> [Work item]:
Everything from the line containing "Go ahead and select" to the last line of the material below must be retyped exactly, both ends included; skip the pictures.
_ _ _ _
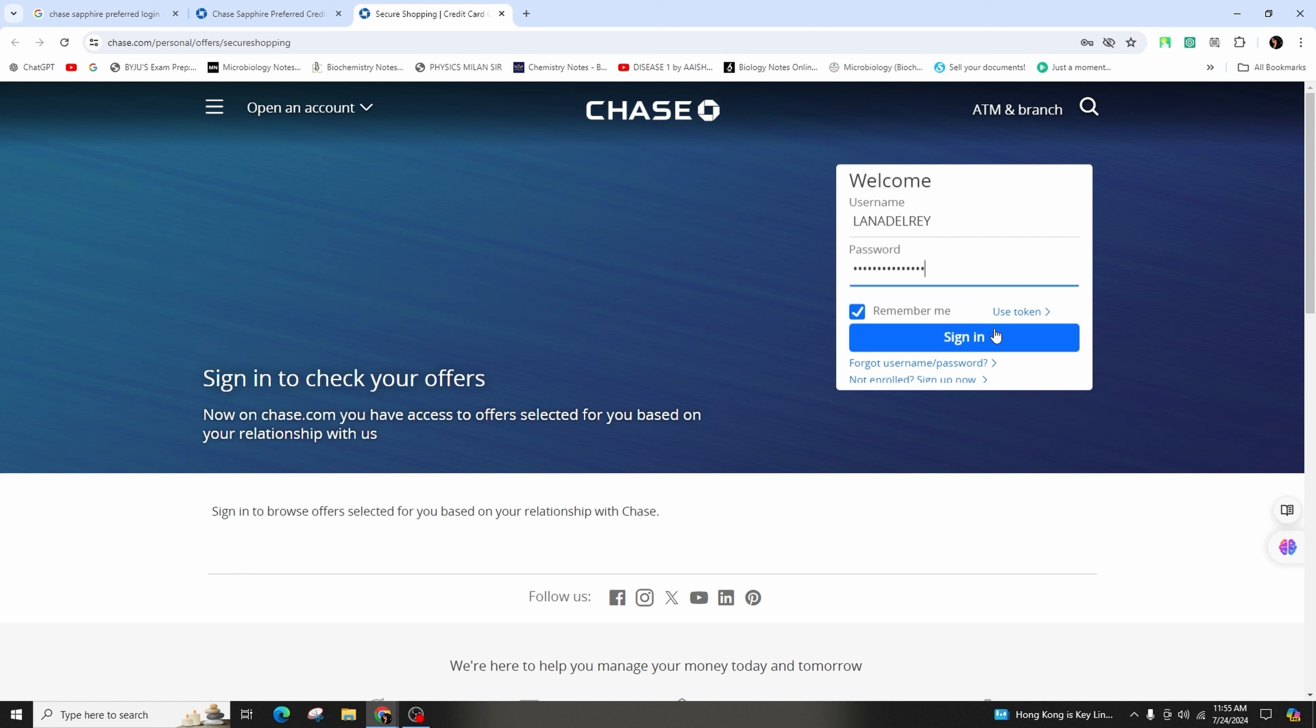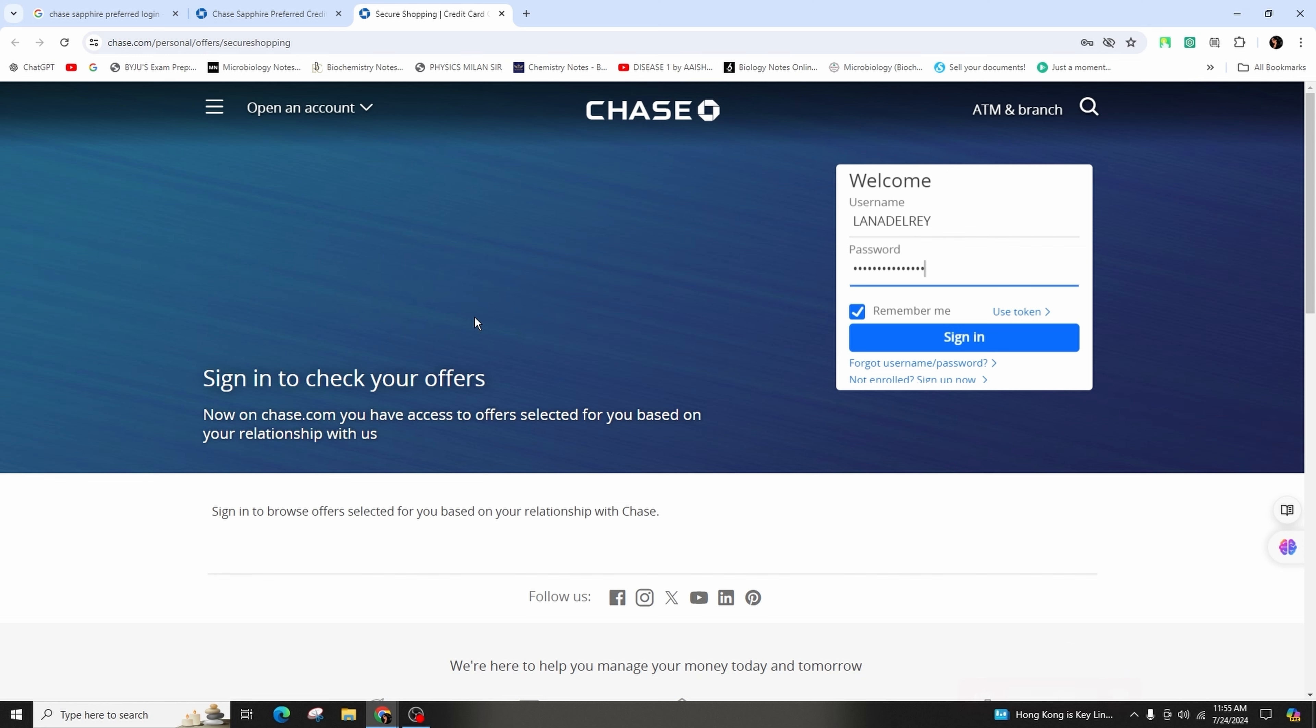Once logged in, you can manage your Chase Sapphire Preferred account online, pay bills, view statements, track activity, and update your login info. For more access issues, call Chase customer service at 1-800-493-3319.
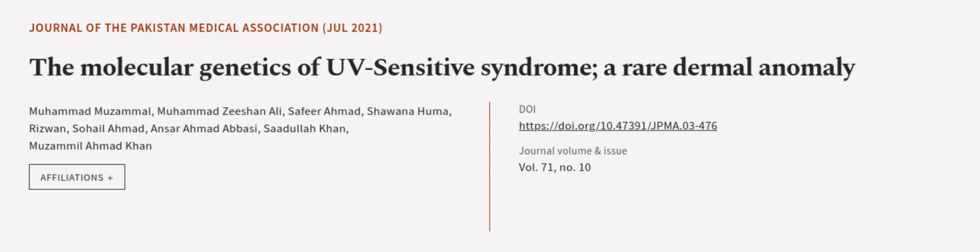This article was authored by Muhammad Muzamu, Muhammad Zishan Ali, Safir Ahmad, and others. Wearearticle.tv, links in the description below.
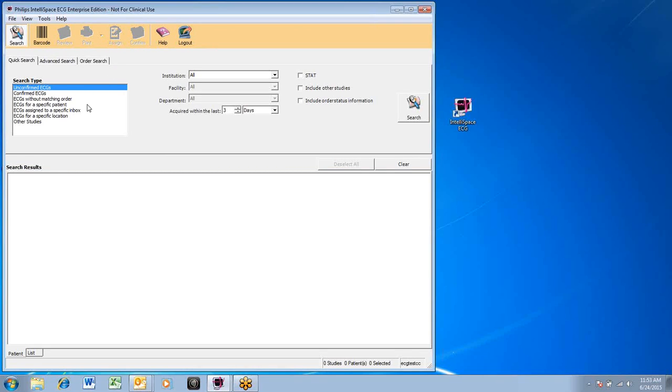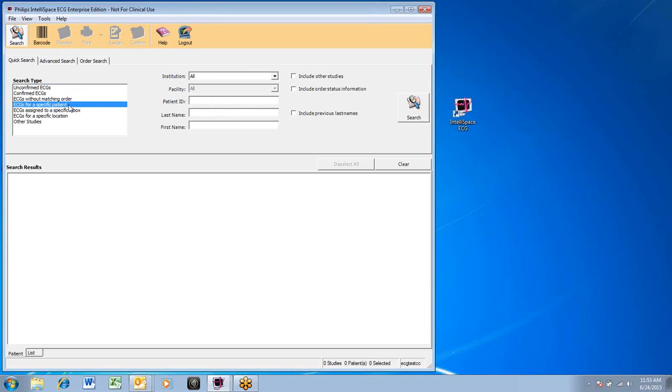The most useful and efficient type of search is ECG for a specific patient. A new area will open up for data entry so that you can narrow down the search.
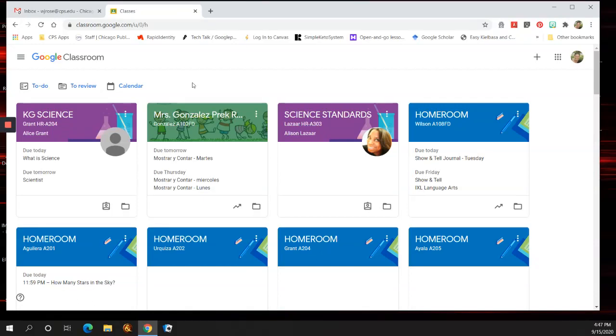Hi, I'm going to talk about submitting a picture of your work in Google Classroom to an assignment.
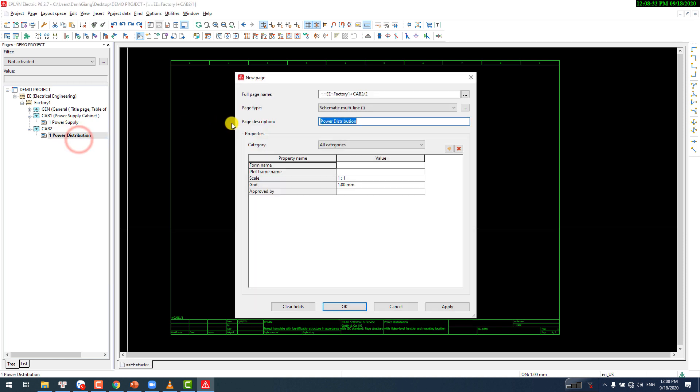CAB3 is going to be our PLC cabinet — PLC rack, inputs, outputs, and all the modules. And all the control signals.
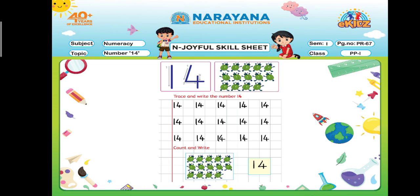Below, count the objects given and write the correct number in the given box. The objects are 14, and I have written number 14 here. Complete your assignment, and dear kids, stay home, stay safe. Thank you.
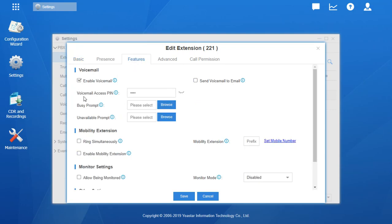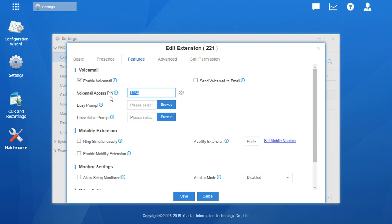It says right here, as you can see Enable Voicemail is enabled. Voicemail pin is here. We can just show it. If you didn't want to reset it and the person forgot it, you can just tell them what it is. Or if you wanted to reset it, just type a new one in.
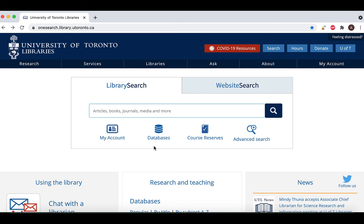This screencast provides a tour of the database ERIC, but it can be applied to any ProQuest database. ERIC, or Education Resource Information Centre, is among the major databases for indexed and full-text education literature and resources.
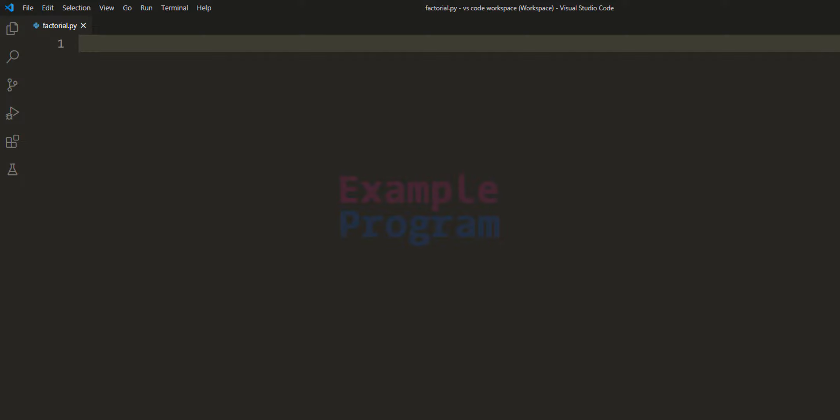Welcome to example program. In this video we will see how we can write a Python program to find the factorial of a number.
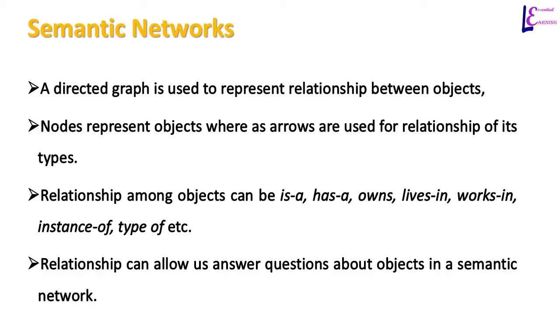Relationship among objects can be is-a, has-a, owns, lives-in, works-in, instance-of, type-of, etc. Relationships help us answer different questions about objects in a semantic network.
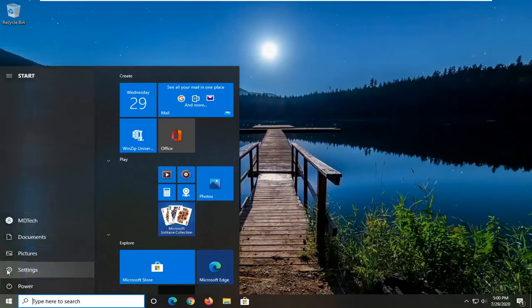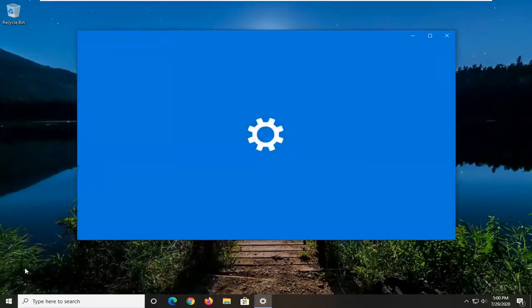Go ahead and select the setting gear icon on the left side. When you hover over it, it should say settings. Go ahead and left click on that.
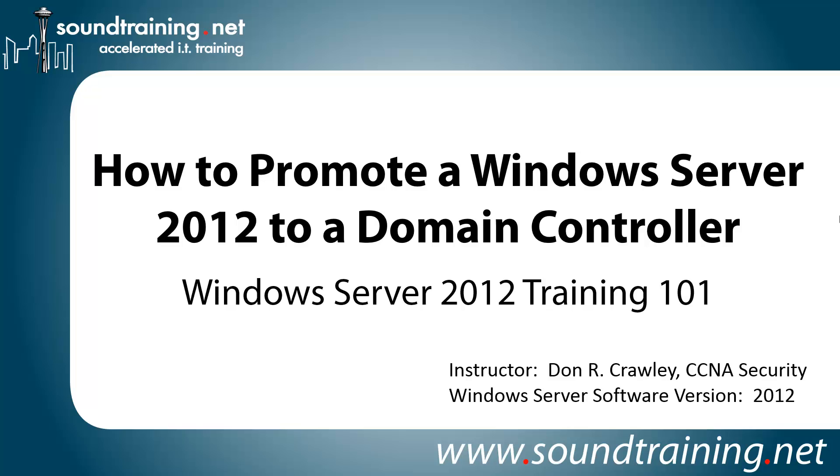Hello and welcome to Windows Server 2012 Training 101. My name is Don Crawley. I'm from SoundTraining.net, the Seattle, Washington-based publisher of learning resources and provider of accelerated training for IT professionals.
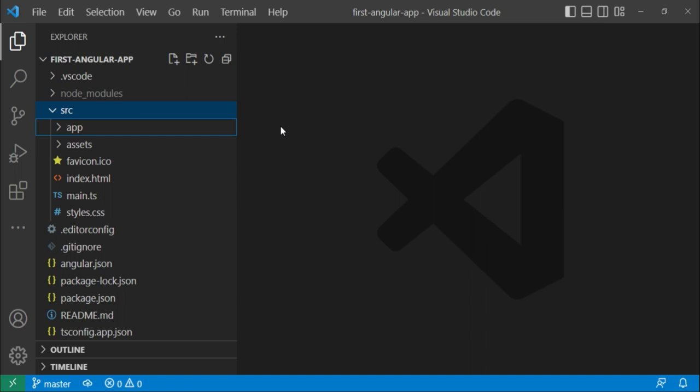Then we have the assets folder that contains your static resource files such as icons, images, fonts, etc. These files are basically directly used by the browser.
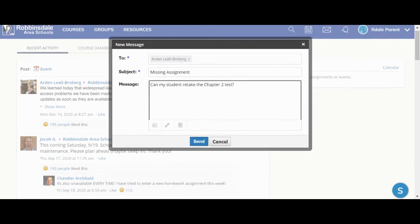When you're done writing your message, just click the Send button, and the message will be sent to the teacher.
_ _ _ _
> [Output below]:
Go ahead and select the setting gear icon on the left side. When you hover over it, it should say settings. Go ahead and left click on that.
Hello and welcome to Windows Server 2012 Training 101. My name is Don Crawley. I'm from SoundTraining.net, the Seattle, Washington-based publisher of learning resources and provider of accelerated training for IT professionals.
Then we have the assets folder that contains your static resource files such as icons, images, fonts, etc. These files are basically directly used by the browser.
When you're done writing your message, just click the Send button, and the message will be sent to the teacher.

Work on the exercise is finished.